114th Congress Adjourns Without Passing Tax-Extenders
Some Background on the Mortgage Debt Relief Act
The 2007 Mortgage Forgiveness Debt Relief Act allowed taxpayers to not include, as income, the discharge or forgiveness of debt on their principal residence. The debt that was forgiven or discharged through foreclosure, mortgage modification, a short sale or a deed in lieu, qualified for this exclusion. The act protected underwater homeowners from incurring taxes on the debt that was discharged or forgiven during a short sale, loan modification, foreclosure or a deed in lieu. It came close to expiring 4 times, but lobbying efforts from the National Association of Realtors managed to gain extensions.

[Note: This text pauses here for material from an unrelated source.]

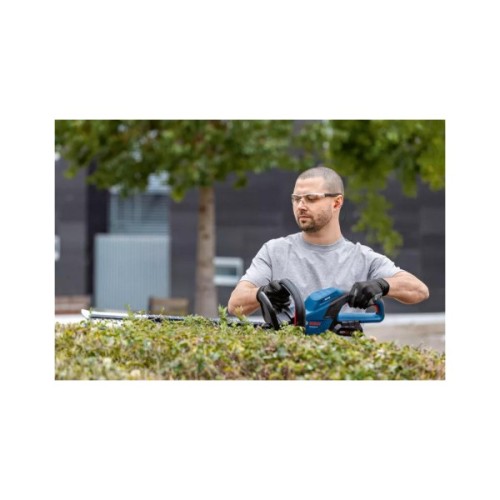 Кущоріз Bosch акумуляторний Professional GHE 18V-60 18V, 60мм, крок різу 23мм, 2.3кг (без АКБ та ЗП) (0.600.8C9.000)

The Mortgage Cancellation Debt Relief Act Expires in 2016
After passing a Continuing Resolution that will fund Federal Government operations until April 28, 2017, the 114th Congress adjourned on Friday, December 9, 2016 and an extension of the Mortgage Cancellation Debt Relief, which is part of the “Tax Extenders” package was not passed in the lame duck session. This will now expire at the end of 2016. Homeowners completing a short-sale, going through foreclosure or a mortgage modification at any time during calendar year 2016 are eligible for this relief when they file their 2016 Income Taxes in April of 2017. the National Association of Realtors will be working on an extension in early 2017 that would be retroactive to January 1, 2017.
This lack of congressional action is a disappointment but people should remember that because this doesn’t expire until the end of 2016, they are still eligible for mortgage debt cancellation relief when they file their taxes in 2016. However, any mortgage debt cancelled in 2017 or beyond is no longer going to be covered. The hope is that Congress will take action and extend the provision at some point soon so that homeowners are continued to be protected.